*** Opening of PROVIDED DATA ***

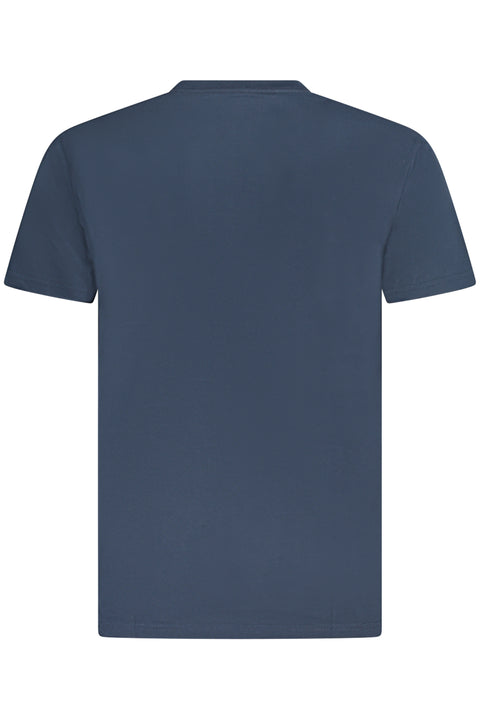 Vans T-Shirt Maniche Corte Uomo Blu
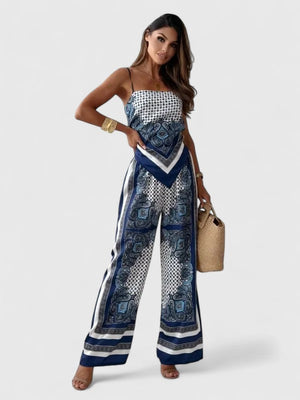 Carmen | Sophisticated Two-Piece Set Aurevea Atelier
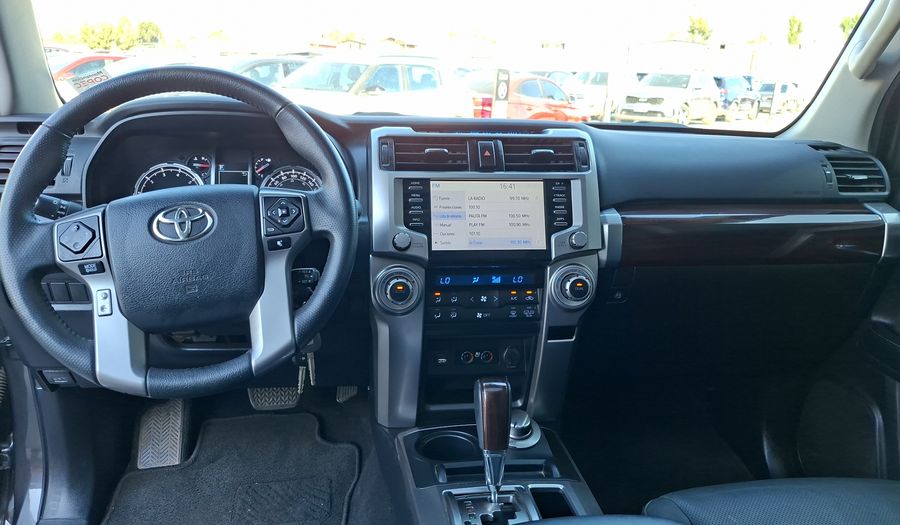 Toyota 4runner 4.0 LIMITED AUTO 4WD Suv 2020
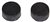 1964 - 1975 Chevelle Hood Adjust Rubber Bumper Stoppers, Pair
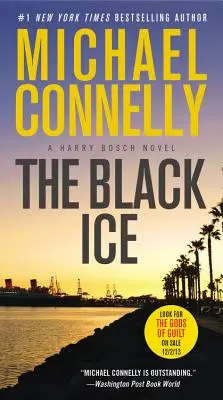 The Black Ice (Large Type / Large Print)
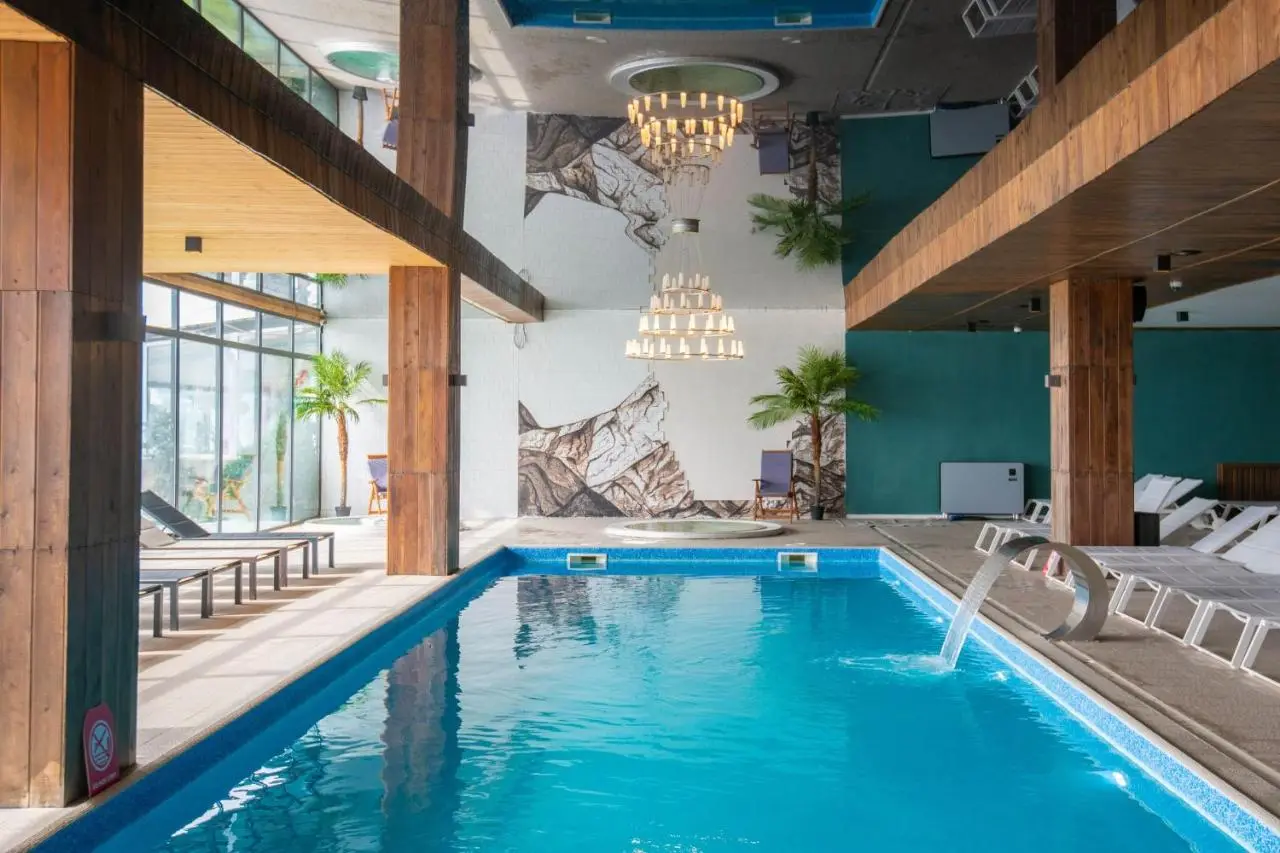 New Gudauri ATRIUM Private Apartments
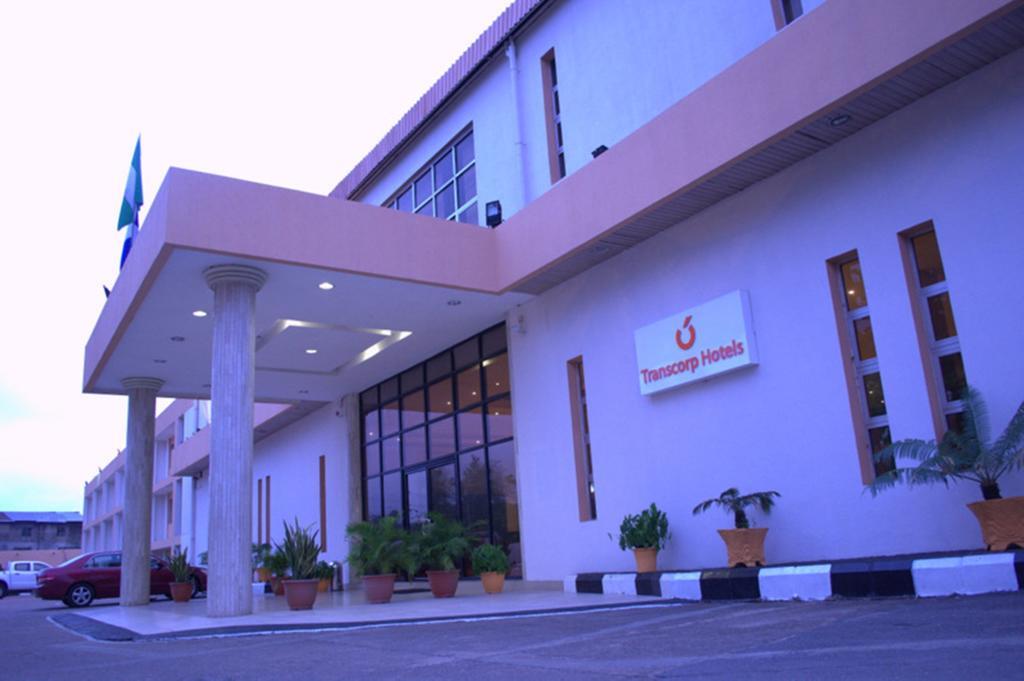 Transcorp Hotels Calabar Εξωτερικό φωτογραφία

*** Close of PROVIDED DATA ***

● **ASSIGNMENT**
Exactly as given, set down each line of the material, but include no pictures.

● **WRITTEN ANSWER**
 Vans T-Shirt Maniche Corte Uomo Blu
 Carmen | Sophisticated Two-Piece Set Aurevea Atelier
 Toyota 4runner 4.0 LIMITED AUTO 4WD Suv 2020
 1964 - 1975 Chevelle Hood Adjust Rubber Bumper Stoppers, Pair
 The Black Ice (Large Type / Large Print)
 New Gudauri ATRIUM Private Apartments
 Transcorp Hotels Calabar Εξωτερικό φωτογραφία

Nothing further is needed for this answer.